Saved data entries

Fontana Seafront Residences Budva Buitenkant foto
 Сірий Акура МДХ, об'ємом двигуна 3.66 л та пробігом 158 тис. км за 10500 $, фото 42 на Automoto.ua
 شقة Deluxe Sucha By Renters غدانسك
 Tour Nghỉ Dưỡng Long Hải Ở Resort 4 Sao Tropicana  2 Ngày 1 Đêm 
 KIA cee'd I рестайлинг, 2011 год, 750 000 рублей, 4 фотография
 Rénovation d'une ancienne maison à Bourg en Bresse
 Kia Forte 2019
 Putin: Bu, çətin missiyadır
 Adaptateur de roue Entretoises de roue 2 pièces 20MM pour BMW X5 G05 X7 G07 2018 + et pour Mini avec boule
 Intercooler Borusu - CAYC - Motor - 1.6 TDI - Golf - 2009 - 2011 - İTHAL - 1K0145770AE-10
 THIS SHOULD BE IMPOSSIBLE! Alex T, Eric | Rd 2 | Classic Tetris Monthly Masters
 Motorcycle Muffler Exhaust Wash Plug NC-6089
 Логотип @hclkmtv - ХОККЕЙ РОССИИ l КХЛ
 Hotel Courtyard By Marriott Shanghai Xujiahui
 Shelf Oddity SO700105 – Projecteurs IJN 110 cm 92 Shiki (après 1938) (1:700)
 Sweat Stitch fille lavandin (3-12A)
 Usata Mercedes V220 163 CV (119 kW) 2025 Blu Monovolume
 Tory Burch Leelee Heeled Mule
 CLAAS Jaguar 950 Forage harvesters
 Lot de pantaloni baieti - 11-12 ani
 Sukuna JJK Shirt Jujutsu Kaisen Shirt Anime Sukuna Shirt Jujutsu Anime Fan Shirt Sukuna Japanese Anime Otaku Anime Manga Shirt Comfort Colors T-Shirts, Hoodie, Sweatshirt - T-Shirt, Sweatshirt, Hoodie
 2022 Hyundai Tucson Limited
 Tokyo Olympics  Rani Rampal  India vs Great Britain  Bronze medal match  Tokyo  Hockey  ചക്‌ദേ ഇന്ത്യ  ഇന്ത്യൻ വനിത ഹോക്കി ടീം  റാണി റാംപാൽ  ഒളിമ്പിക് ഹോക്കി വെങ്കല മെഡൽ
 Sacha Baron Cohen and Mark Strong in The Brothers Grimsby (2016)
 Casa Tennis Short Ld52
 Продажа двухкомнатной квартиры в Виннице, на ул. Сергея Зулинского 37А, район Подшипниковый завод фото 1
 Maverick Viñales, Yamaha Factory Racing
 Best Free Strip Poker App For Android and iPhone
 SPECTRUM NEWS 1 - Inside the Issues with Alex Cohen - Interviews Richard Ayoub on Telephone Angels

#### Your goal
Your answer should consist only of the lines above between the line holding "Сірий Акура МДХ, об'ємом" and the line holding "ഹോക്കി വെങ്കല മെഡൽ", inclusive, each transcribed exactly.

#### Finished exercise
 Сірий Акура МДХ, об'ємом двигуна 3.66 л та пробігом 158 тис. км за 10500 $, фото 42 на Automoto.ua
 شقة Deluxe Sucha By Renters غدانسك
 Tour Nghỉ Dưỡng Long Hải Ở Resort 4 Sao Tropicana  2 Ngày 1 Đêm 
 KIA cee'd I рестайлинг, 2011 год, 750 000 рублей, 4 фотография
 Rénovation d'une ancienne maison à Bourg en Bresse
 Kia Forte 2019
 Putin: Bu, çətin missiyadır
 Adaptateur de roue Entretoises de roue 2 pièces 20MM pour BMW X5 G05 X7 G07 2018 + et pour Mini avec boule
 Intercooler Borusu - CAYC - Motor - 1.6 TDI - Golf - 2009 - 2011 - İTHAL - 1K0145770AE-10
 THIS SHOULD BE IMPOSSIBLE! Alex T, Eric | Rd 2 | Classic Tetris Monthly Masters
 Motorcycle Muffler Exhaust Wash Plug NC-6089
 Логотип @hclkmtv - ХОККЕЙ РОССИИ l КХЛ
 Hotel Courtyard By Marriott Shanghai Xujiahui
 Shelf Oddity SO700105 – Projecteurs IJN 110 cm 92 Shiki (après 1938) (1:700)
 Sweat Stitch fille lavandin (3-12A)
 Usata Mercedes V220 163 CV (119 kW) 2025 Blu Monovolume
 Tory Burch Leelee Heeled Mule
 CLAAS Jaguar 950 Forage harvesters
 Lot de pantaloni baieti - 11-12 ani
 Sukuna JJK Shirt Jujutsu Kaisen Shirt Anime Sukuna Shirt Jujutsu Anime Fan Shirt Sukuna Japanese Anime Otaku Anime Manga Shirt Comfort Colors T-Shirts, Hoodie, Sweatshirt - T-Shirt, Sweatshirt, Hoodie
 2022 Hyundai Tucson Limited
 Tokyo Olympics  Rani Rampal  India vs Great Britain  Bronze medal match  Tokyo  Hockey  ചക്‌ദേ ഇന്ത്യ  ഇന്ത്യൻ വനിത ഹോക്കി ടീം  റാണി റാംപാൽ  ഒളിമ്പിക് ഹോക്കി വെങ്കല മെഡൽ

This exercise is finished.